◆ EXERCISE GOAL ◆
Would you set down each line of the data below exactly?

Stored data entries
|---|
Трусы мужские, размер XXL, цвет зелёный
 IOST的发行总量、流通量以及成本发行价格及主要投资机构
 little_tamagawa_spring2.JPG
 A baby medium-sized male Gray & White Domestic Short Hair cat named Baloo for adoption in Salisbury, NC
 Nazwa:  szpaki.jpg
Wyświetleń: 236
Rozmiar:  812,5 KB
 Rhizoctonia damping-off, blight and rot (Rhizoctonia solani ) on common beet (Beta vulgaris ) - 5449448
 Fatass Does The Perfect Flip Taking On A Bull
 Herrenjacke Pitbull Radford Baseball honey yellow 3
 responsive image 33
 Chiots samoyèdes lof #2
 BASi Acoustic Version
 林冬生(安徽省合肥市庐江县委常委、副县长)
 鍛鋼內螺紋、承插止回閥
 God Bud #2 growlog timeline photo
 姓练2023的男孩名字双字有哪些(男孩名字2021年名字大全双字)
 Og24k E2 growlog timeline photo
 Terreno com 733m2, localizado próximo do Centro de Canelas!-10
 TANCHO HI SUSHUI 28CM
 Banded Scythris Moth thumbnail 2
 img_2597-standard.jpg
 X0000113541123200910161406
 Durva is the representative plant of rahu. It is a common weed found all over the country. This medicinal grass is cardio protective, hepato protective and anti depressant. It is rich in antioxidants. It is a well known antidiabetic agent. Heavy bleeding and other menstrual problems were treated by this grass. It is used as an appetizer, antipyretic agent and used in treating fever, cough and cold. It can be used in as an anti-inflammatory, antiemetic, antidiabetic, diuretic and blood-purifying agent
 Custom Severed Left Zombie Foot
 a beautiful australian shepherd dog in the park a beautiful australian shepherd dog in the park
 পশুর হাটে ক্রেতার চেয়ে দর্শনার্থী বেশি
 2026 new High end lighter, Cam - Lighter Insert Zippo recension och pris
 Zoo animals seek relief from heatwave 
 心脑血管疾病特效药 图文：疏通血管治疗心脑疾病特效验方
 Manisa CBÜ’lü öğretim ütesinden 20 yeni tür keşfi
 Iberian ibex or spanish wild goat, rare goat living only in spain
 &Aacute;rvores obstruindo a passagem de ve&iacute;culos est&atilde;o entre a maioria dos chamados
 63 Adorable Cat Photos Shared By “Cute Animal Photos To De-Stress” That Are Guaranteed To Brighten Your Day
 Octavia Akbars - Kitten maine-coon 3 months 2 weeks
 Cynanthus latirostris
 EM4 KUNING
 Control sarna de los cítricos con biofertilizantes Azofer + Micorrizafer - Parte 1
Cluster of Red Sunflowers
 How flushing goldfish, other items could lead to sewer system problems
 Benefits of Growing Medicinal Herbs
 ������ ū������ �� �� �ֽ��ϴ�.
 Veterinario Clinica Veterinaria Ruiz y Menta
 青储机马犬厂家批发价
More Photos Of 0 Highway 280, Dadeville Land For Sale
|---|
◆ ANSWER SECTION ◆
Трусы мужские, размер XXL, цвет зелёный
 IOST的发行总量、流通量以及成本发行价格及主要投资机构
 little_tamagawa_spring2.JPG
 A baby medium-sized male Gray & White Domestic Short Hair cat named Baloo for adoption in Salisbury, NC
 Nazwa:  szpaki.jpg
Wyświetleń: 236
Rozmiar:  812,5 KB
 Rhizoctonia damping-off, blight and rot (Rhizoctonia solani ) on common beet (Beta vulgaris ) - 5449448
 Fatass Does The Perfect Flip Taking On A Bull
 Herrenjacke Pitbull Radford Baseball honey yellow 3
 responsive image 33
 Chiots samoyèdes lof #2
 BASi Acoustic Version
 林冬生(安徽省合肥市庐江县委常委、副县长)
 鍛鋼內螺紋、承插止回閥
 God Bud #2 growlog timeline photo
 姓练2023的男孩名字双字有哪些(男孩名字2021年名字大全双字)
 Og24k E2 growlog timeline photo
 Terreno com 733m2, localizado próximo do Centro de Canelas!-10
 TANCHO HI SUSHUI 28CM
 Banded Scythris Moth thumbnail 2
 img_2597-standard.jpg
 X0000113541123200910161406
 Durva is the representative plant of rahu. It is a common weed found all over the country. This medicinal grass is cardio protective, hepato protective and anti depressant. It is rich in antioxidants. It is a well known antidiabetic agent. Heavy bleeding and other menstrual problems were treated by this grass. It is used as an appetizer, antipyretic agent and used in treating fever, cough and cold. It can be used in as an anti-inflammatory, antiemetic, antidiabetic, diuretic and blood-purifying agent
 Custom Severed Left Zombie Foot
 a beautiful australian shepherd dog in the park a beautiful australian shepherd dog in the park
 পশুর হাটে ক্রেতার চেয়ে দর্শনার্থী বেশি
 2026 new High end lighter, Cam - Lighter Insert Zippo recension och pris
 Zoo animals seek relief from heatwave 
 心脑血管疾病特效药 图文：疏通血管治疗心脑疾病特效验方
 Manisa CBÜ’lü öğretim ütesinden 20 yeni tür keşfi
 Iberian ibex or spanish wild goat, rare goat living only in spain
 &Aacute;rvores obstruindo a passagem de ve&iacute;culos est&atilde;o entre a maioria dos chamados
 63 Adorable Cat Photos Shared By “Cute Animal Photos To De-Stress” That Are Guaranteed To Brighten Your Day
 Octavia Akbars - Kitten maine-coon 3 months 2 weeks
 Cynanthus latirostris
 EM4 KUNING
 Control sarna de los cítricos con biofertilizantes Azofer + Micorrizafer - Parte 1
Cluster of Red Sunflowers
 How flushing goldfish, other items could lead to sewer system problems
 Benefits of Growing Medicinal Herbs
 ������ ū������ �� �� �ֽ��ϴ�.
 Veterinario Clinica Veterinaria Ruiz y Menta
 青储机马犬厂家批发价
More Photos Of 0 Highway 280, Dadeville Land For Sale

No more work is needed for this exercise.